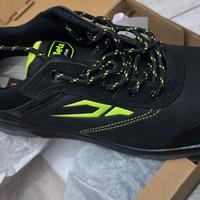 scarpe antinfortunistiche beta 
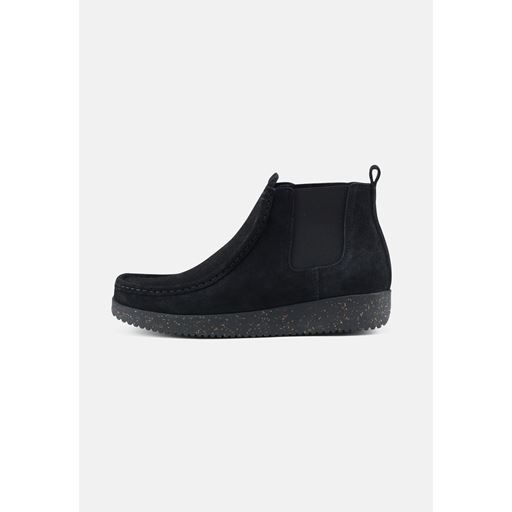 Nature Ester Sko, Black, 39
==
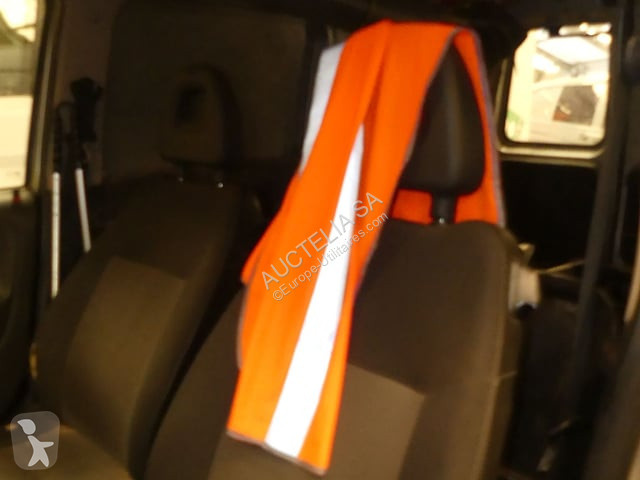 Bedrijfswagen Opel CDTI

## Task objective
Out of the records above, please copy exactly the lines from the line with "scarpe antinfortunistiche beta" up to and including the line with "Nature Ester Sko, Black, 39", minus the pictures.

## Response below
 scarpe antinfortunistiche beta 
 Nature Ester Sko, Black, 39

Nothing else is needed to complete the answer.